[THE TASK]:
In the data below, begin at the line with "Maison à LES MATHES" and stop after the line with "Vintage Room Vernazza Luaran gambar"; output those lines exactly and no pictures.

--- THE INPUT ---

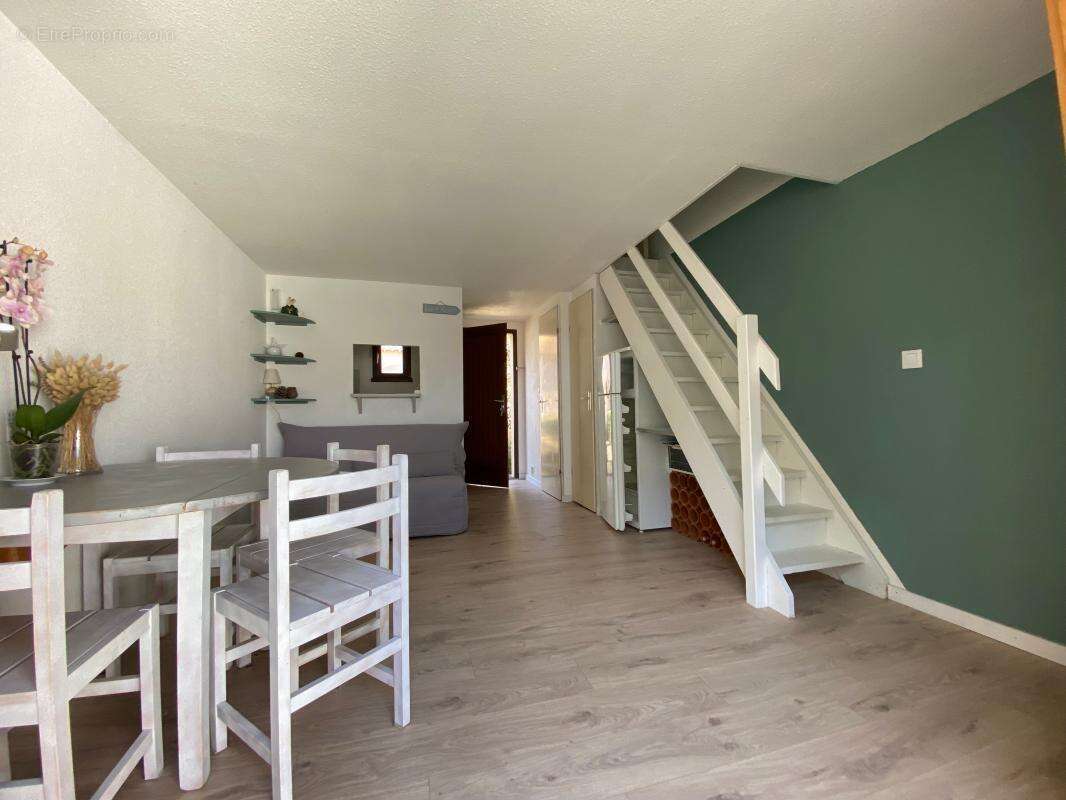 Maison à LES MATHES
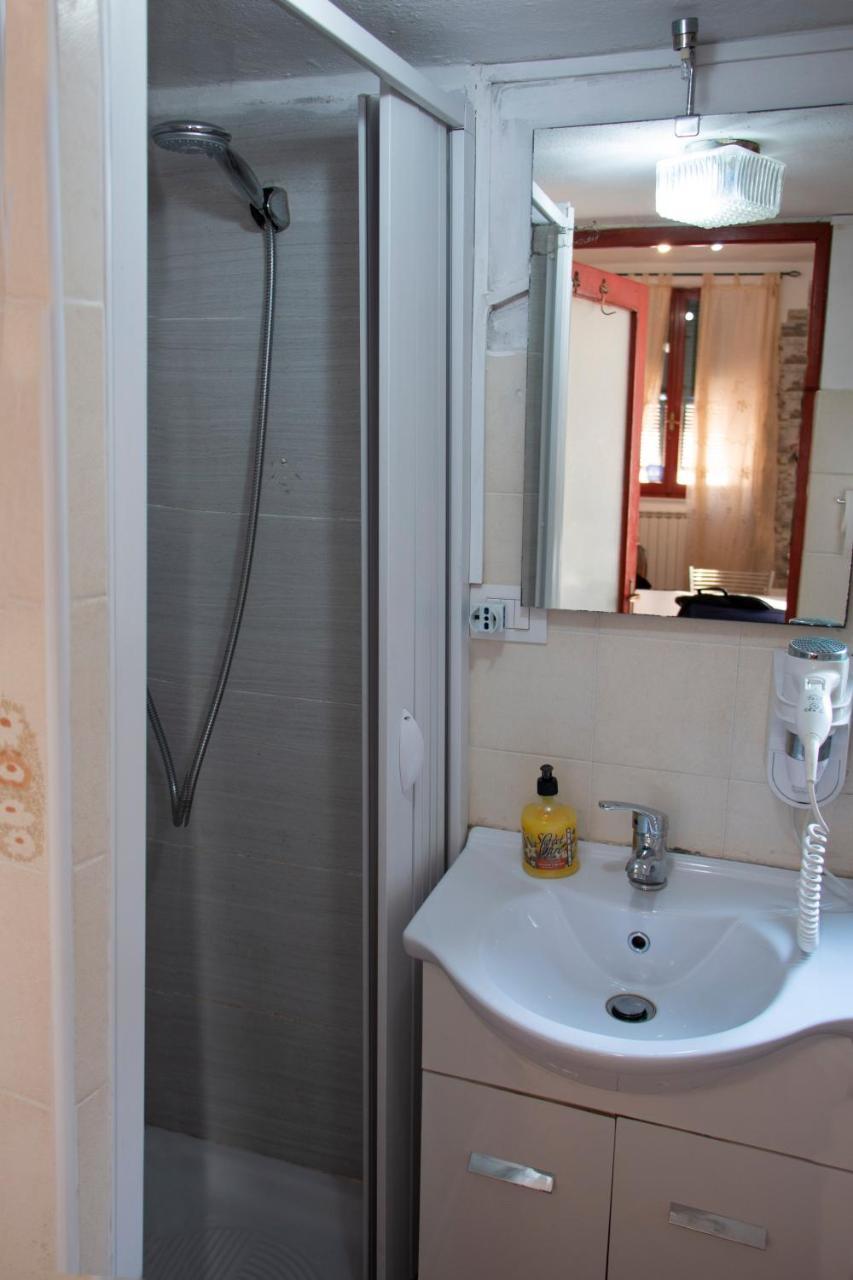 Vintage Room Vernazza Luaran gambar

---
--- THE INPUT ---

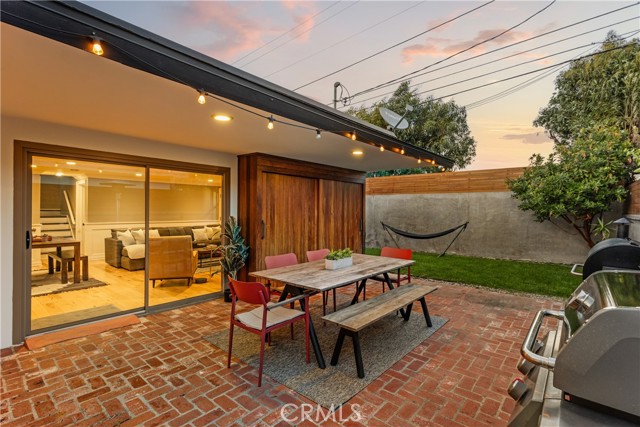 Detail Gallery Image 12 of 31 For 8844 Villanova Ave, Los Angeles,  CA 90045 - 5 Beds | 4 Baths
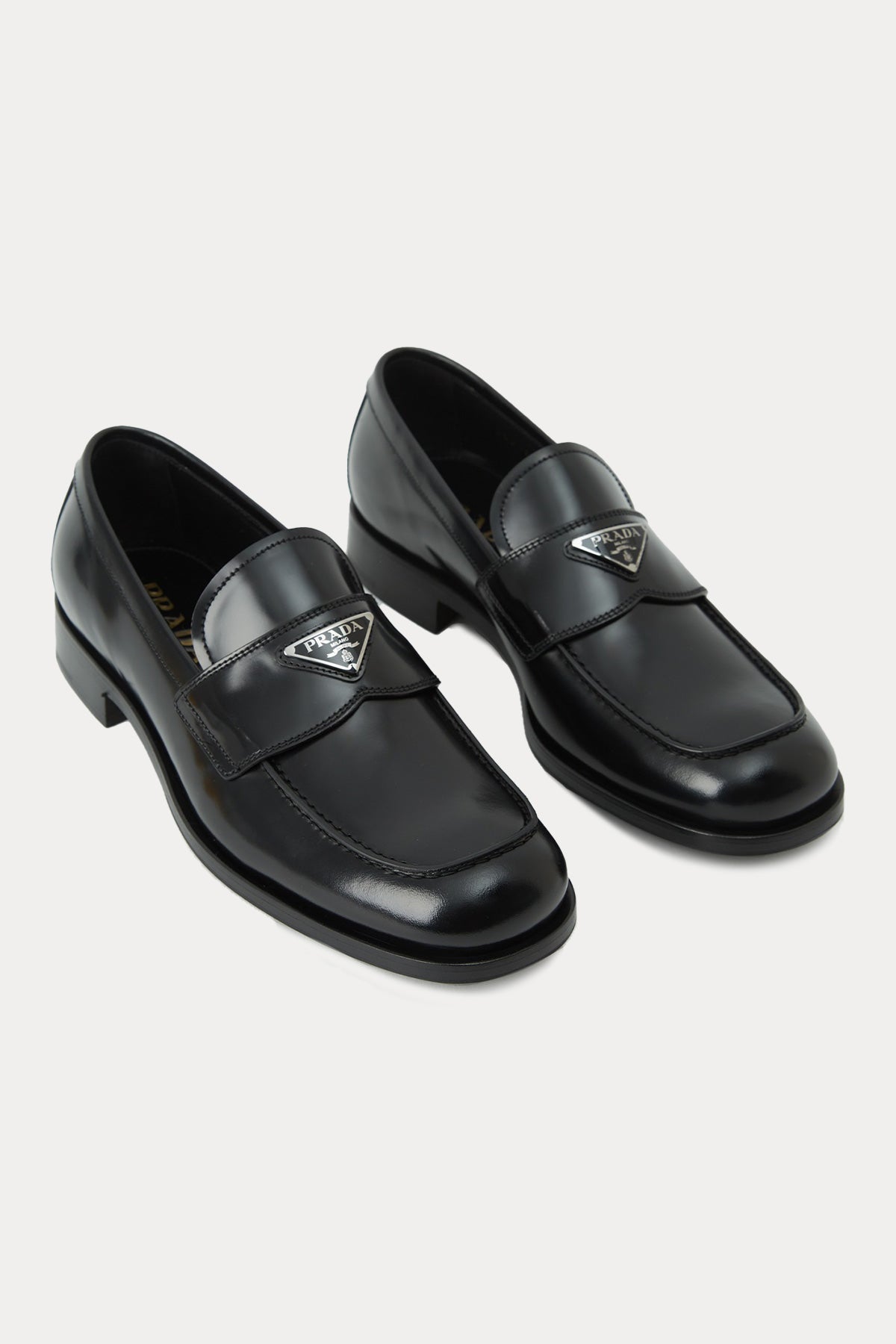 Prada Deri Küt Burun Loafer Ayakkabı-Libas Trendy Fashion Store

---
--- THE INPUT ---

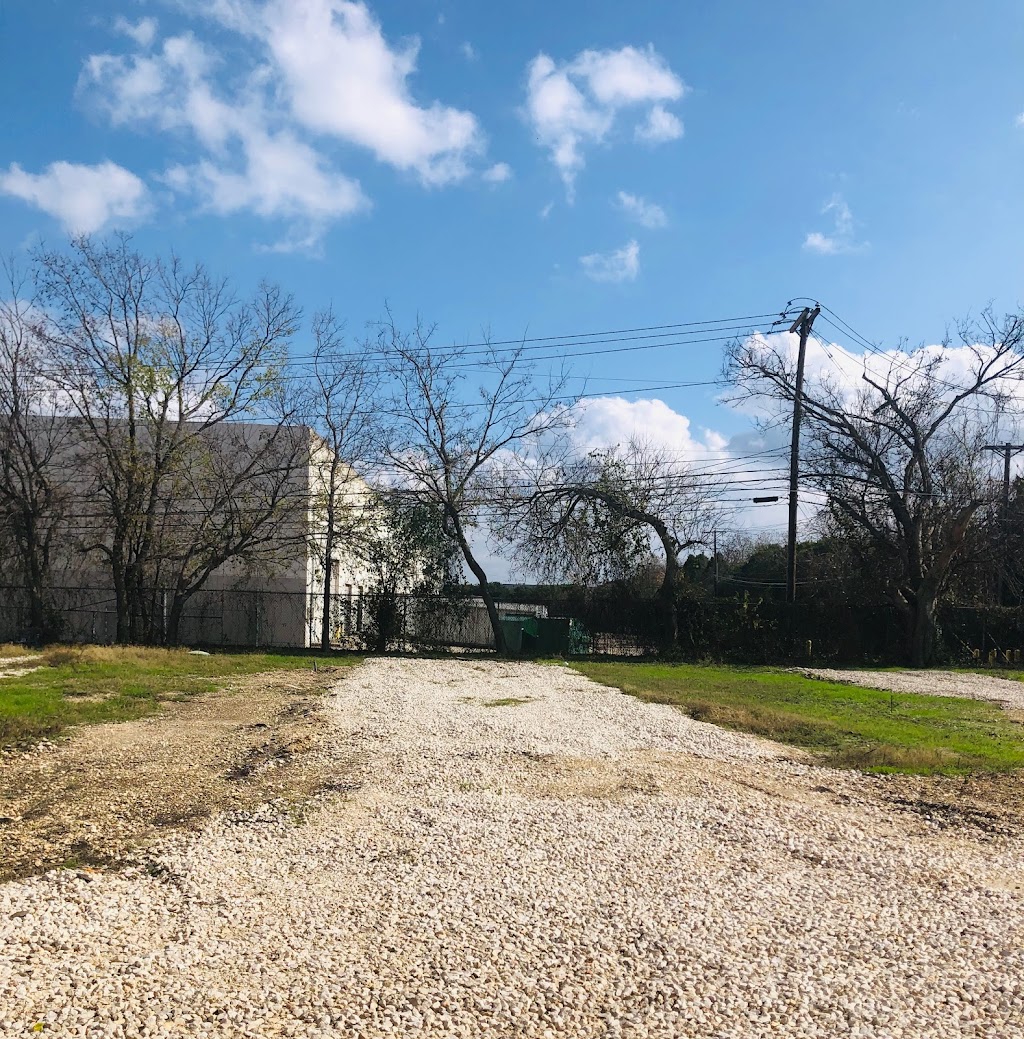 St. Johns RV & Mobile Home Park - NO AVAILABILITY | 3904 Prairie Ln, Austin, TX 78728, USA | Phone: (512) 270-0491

---

[ANSWER TO THE PROBLEM]:
 Maison à LES MATHES
 Vintage Room Vernazza Luaran gambar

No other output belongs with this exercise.